Evidence Grise

Paul Verhoeven returns to the past — his and ours — in the Holocaust thriller Black Book

By the time of his last American production, 2000’s deliciously kinky invisible-man story, Hollow Man, Verhoeven also realized he’d become typecast as “a science-fiction-action director, expensive and not very reliable.” Yet, to assemble a film of Black Book’s scale — small by Hollywood standards but enormous by European ones — without the backing of an American studio was no mean feat. The film went into production in 2005 with an elaborate co-production deal that involved financing from Dutch, Belgian, German and British sources, plus a variety of tax-credit deals and other incentives that Verhoeven describes as “a financial mosaic that at every moment seems about to fall apart.” But Black Bookheld together and, even before it opens in North America, has already been a massive hit in Holland and performed strongly in other international territories.
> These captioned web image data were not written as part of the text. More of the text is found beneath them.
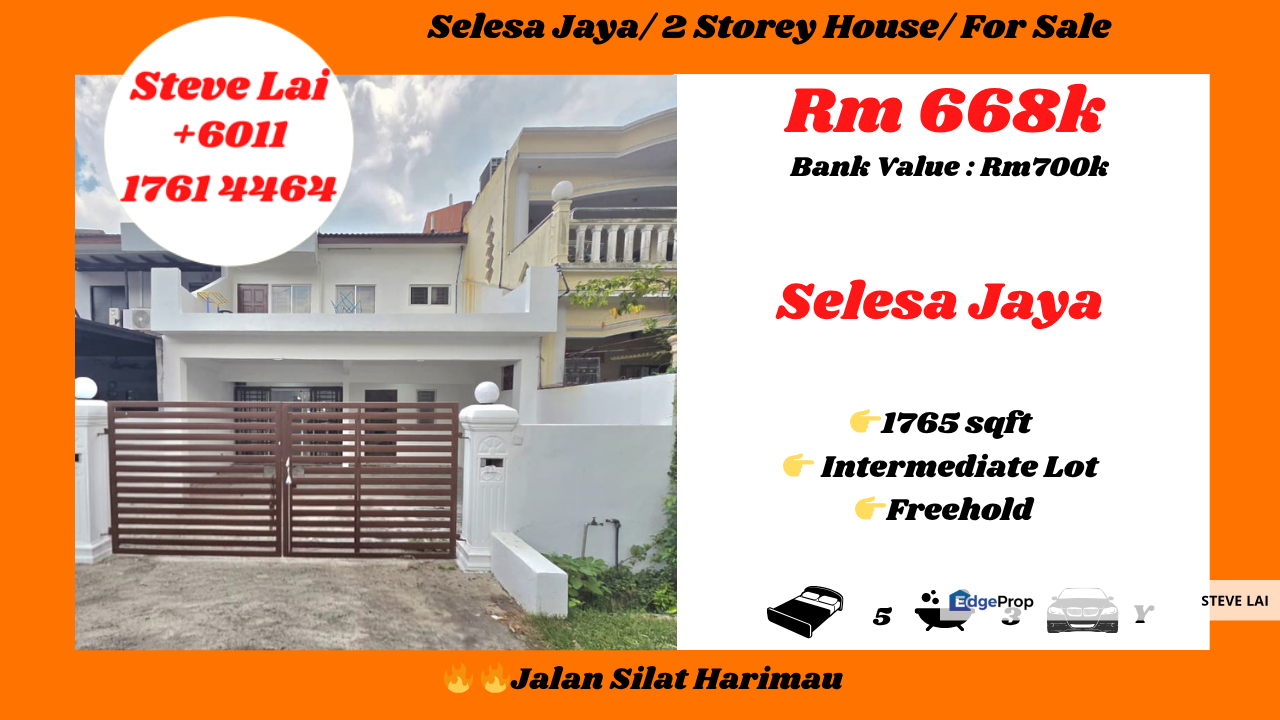 Selesa Jaya/ 2 Storey House/ For Sale, Johor, Skudai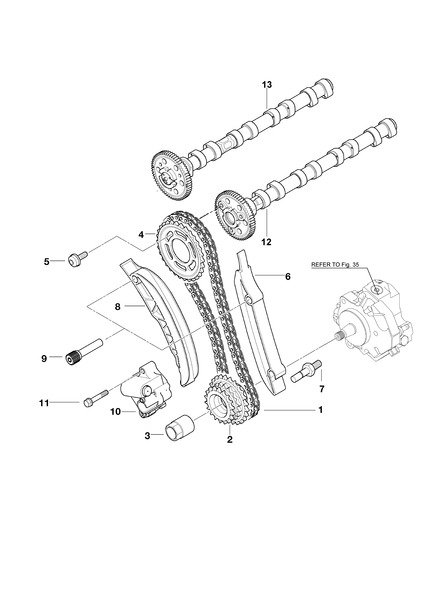 TIMING GEAR TIMING CHAIN TOP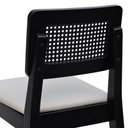 Ver mais imagens de Banqueta Gabi Madeira Maciça Encosto Anatômico c/ Telinha e Assento Estofado c/ 68cm Altura - Preto 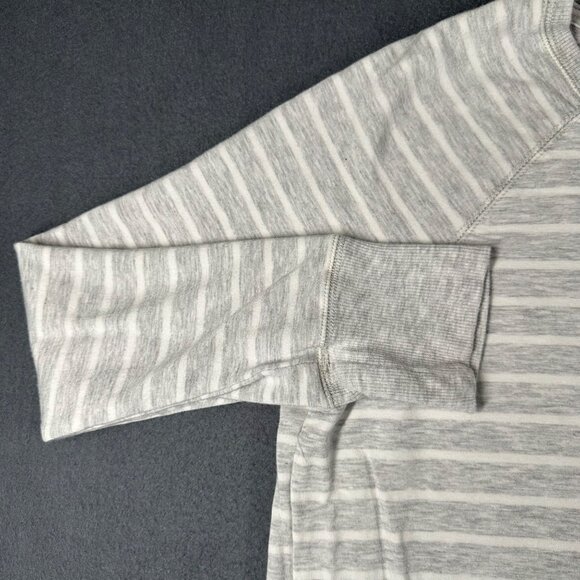 Active Life Large Heather Gray Stripe Long Sleeve Pullover Top Round Neck Modal - Picture 4 of 9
That doesn’t mean, though, that Verhoeven, who continues to reside in Los Angeles, has turned his back on America. “I never changed location,” he says with a smile. “I just took a sabbatical.” His next movie, The Winter Queen, which he hopes to shoot this summer, will be filmed in English, though the financing was again assembled independently. “It’s from a Russian novel [Azazel, by Boris Akunin] that my daughter discovered — a detective story that’s pretty edgy but also quite charming, so it’s really a step away from the more realistic darkness of this movie and toward another world.” Perhaps by then, Hollywood will have picked up on the fact that Paul Verhoeven is anything but a one-trick pony. “At least,” he reasons, “it’s good for them to know I can also work for $20 million and direct actors.”

Black Book opens Wednesday, April 4, in Los Angeles theaters.